By Barb Arland-Fye
The Catholic Messenger
IOWA CITY — Newman Catholic Student Center chose a lawyer-turned-bishop to preside at its first Red Mass Oct. 1 to celebrate legal professionals. Archbishop-elect Thomas Zinkula returned to familiar territory for the Mass, having earned his law degree at the University of Iowa College of Law in 1983.
During the Red Mass, “We petition the Spirit of God to bless members of the legal profession with the guidance, wisdom and understanding of justice and mercy that Christ promises to his disciples through his continuing Spirit in the world,” Archbishop-elect Zinkula told the gathering.
Mercy was the centerpiece of his homily, drawing from the Sunday Gospels of Sept. 24 and Oct. 1. In the first parable, workers in the vineyard protest the fairness of wages they receive. In the second parable, a father asks each of two sons to work in the vineyard. The first one says he will not, but has a conversion of heart.
“Each of these parables is about mercy. Jesus’ message of mercy is at the heart of the Gospel,” Archbishop-elect Zinkula said. “Pope Francis is all over mercy. Early on in his pontificate, he called for a Year of Mercy (2016). He tells us to go to the peripheries, the margins, and asks, ‘Who am I to judge?’”
“May we strive to be not only just, but even better, be merciful,” the archbishop-elect said. “Fairness is one thing, mercy is another. There is this world and there is God’s world. Let’s do our best to embrace God’s world.”
Archbishop-elect Zinkula blessed members of the legal profession during the Mass, which also drew students, families and individuals who are in other occupations, studies or activities. Among them was Tom Chapman, executive director of the Iowa Catholic Conference (ICC), the public policy voice for Iowa’s bishops. He joined Archbishop-elect Zinkula in a talk afterwards.
“I get to talk about religion and politics every day,” said Chapman, referring to the ICC, which advocates for policies that respect the life and dignity of the human person and apply Catholic social teaching principles to the critical issues of the day. “The Church very much encourages your participation in public life … We have a responsibility in the world to protect the government and the common good.”
The ICC provides guidance on important issues, including in a document titled “Faithful Citizenship for Iowa Catholics,” but does not give advice on how to vote.
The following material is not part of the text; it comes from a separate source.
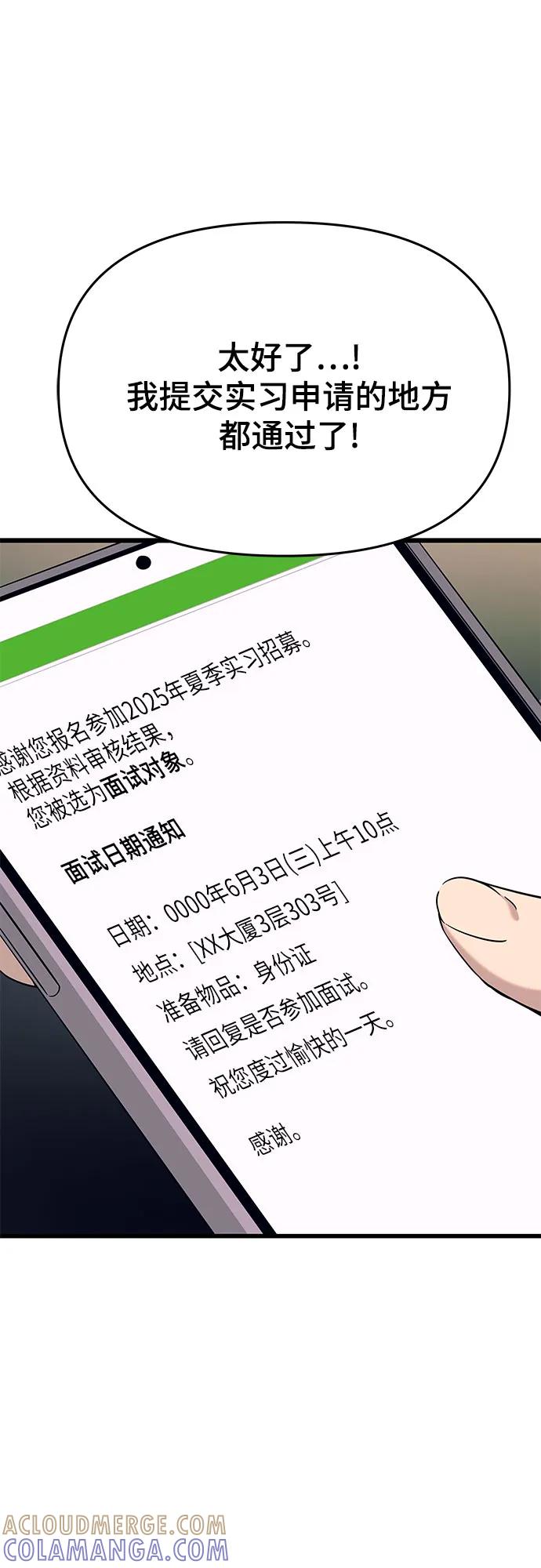 《末班车上的Crush》第33话 第73页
People of faith need to make their decisions based on a well-formed conscience, in light of Church teaching, Chapman said. “I don’t think we should be afraid to talk with other Catholics (with whom we disagree). We’re all members of the body of Christ.”
“Tom is a real asset for the Church,” Archbishop-elect Zinkula said, explaining how Chapman and his staff of four (including himself) keep the bishops — and the faithful — abreast of issues and legislation.
In his remarks to the gathering, the archbishop-elect applied his lawyering and teaching skills, with an emphasis on the role and responsibilities of a Catholic lawyer. “For a Catholic lawyer, the law isn’t simply about administering justice; it is also about how it is administered.”
He presented three case studies to make his own case. Each one involved ethical choices — whether to tear apart a hostile witness during cross-examination, whether to make as much money as possible for a client at any cost and whether to accept a pro bono case when you have a full load of paying clients. “If you’re a Christian, these are things you should struggle with in the practice of law.” He also believes Catholic lawyers should accept pro bono cases.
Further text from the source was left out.